“Curated computing”, a phrase that raises my hackles even as I recognize the truth in it.

The current computing landscape was shaped by a few wildly opposed forces:

Scientists, engineers, and artists (nerds all) who were trying to build enabling tools of the imagination, Unix, Pixar, Smalltalk, X11, the genome project, and the Internet came from these fertile minds.

PC manufacturers, pushing out powerful cheap stuff that lacked any cohesive interface model.

Microsoft, a perfect model of exploitation, riding the wave without understanding or contributing.

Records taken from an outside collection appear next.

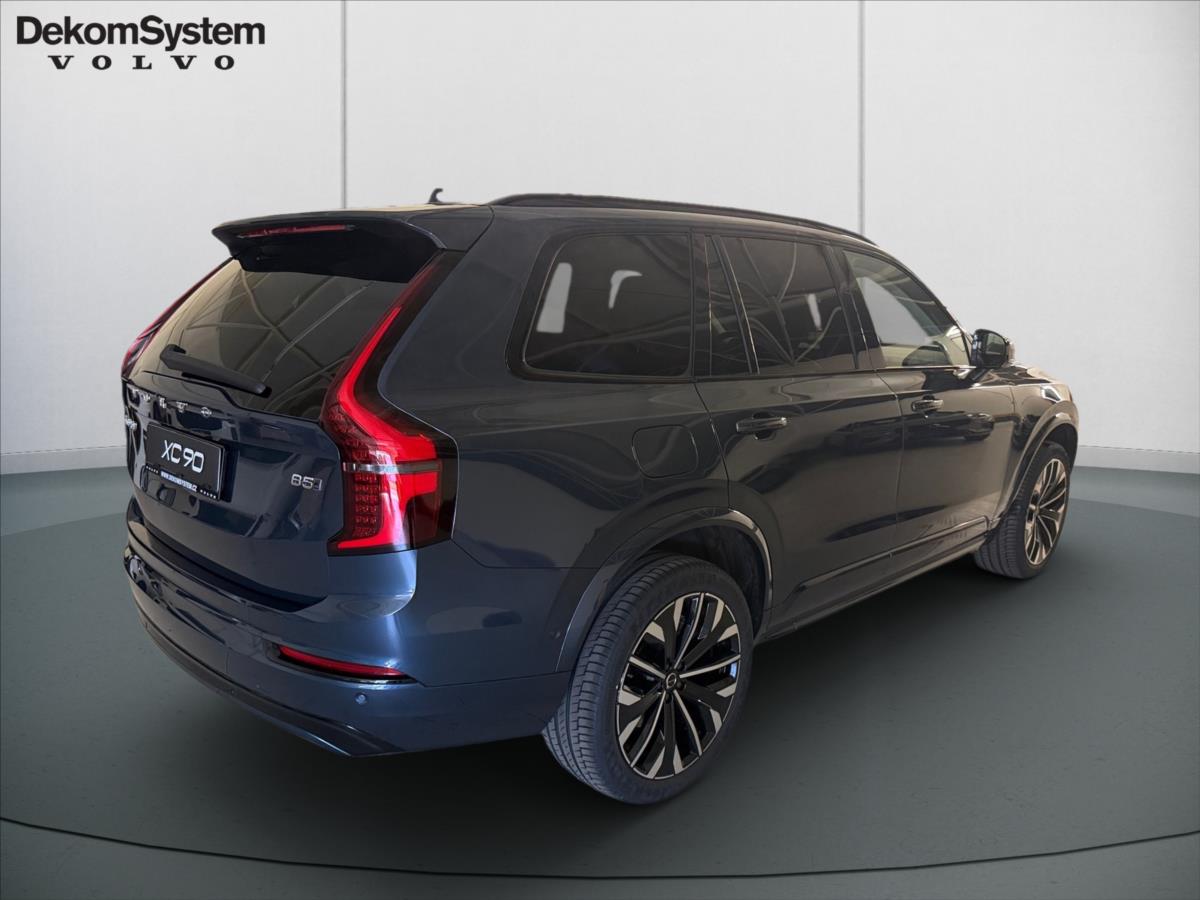 Volvo XC90 B5 Ultra Dark 2469 Volvo XC90 B5 Ultra Dark 2469
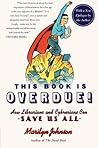 This Book Is Overdue! by Marilyn Johnson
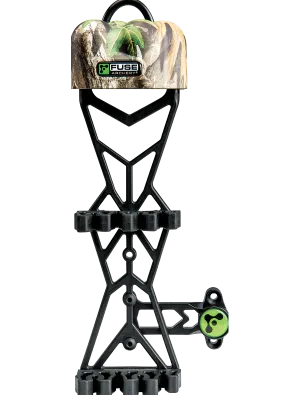 Fuse Maxxis Quiver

Apple, trying to invent the ‘information appliance’, the first ‘curated computing’ experience. This best served writers and publishers, allowing them to focus on content, not computer.

Next, Inc. folding Unix, Smalltalk, and PostScript into NextStep and ObjectiveC, succeeding at creating an information appliance for the nerd. Suddenly scientists and artists could build complex information tools without dedicating themselves to a lifetime of ‘computer science’ studies. The WWW, http, html, and the www came from this work.

Coming full circle, Jobs and Apple have focused (with laser accuracy) on an information appliance for people who are content consumers first and foremost, content creation is entirely optional on the iPad.

So this is just a new name for Jobs’s old idea, the appliance computer.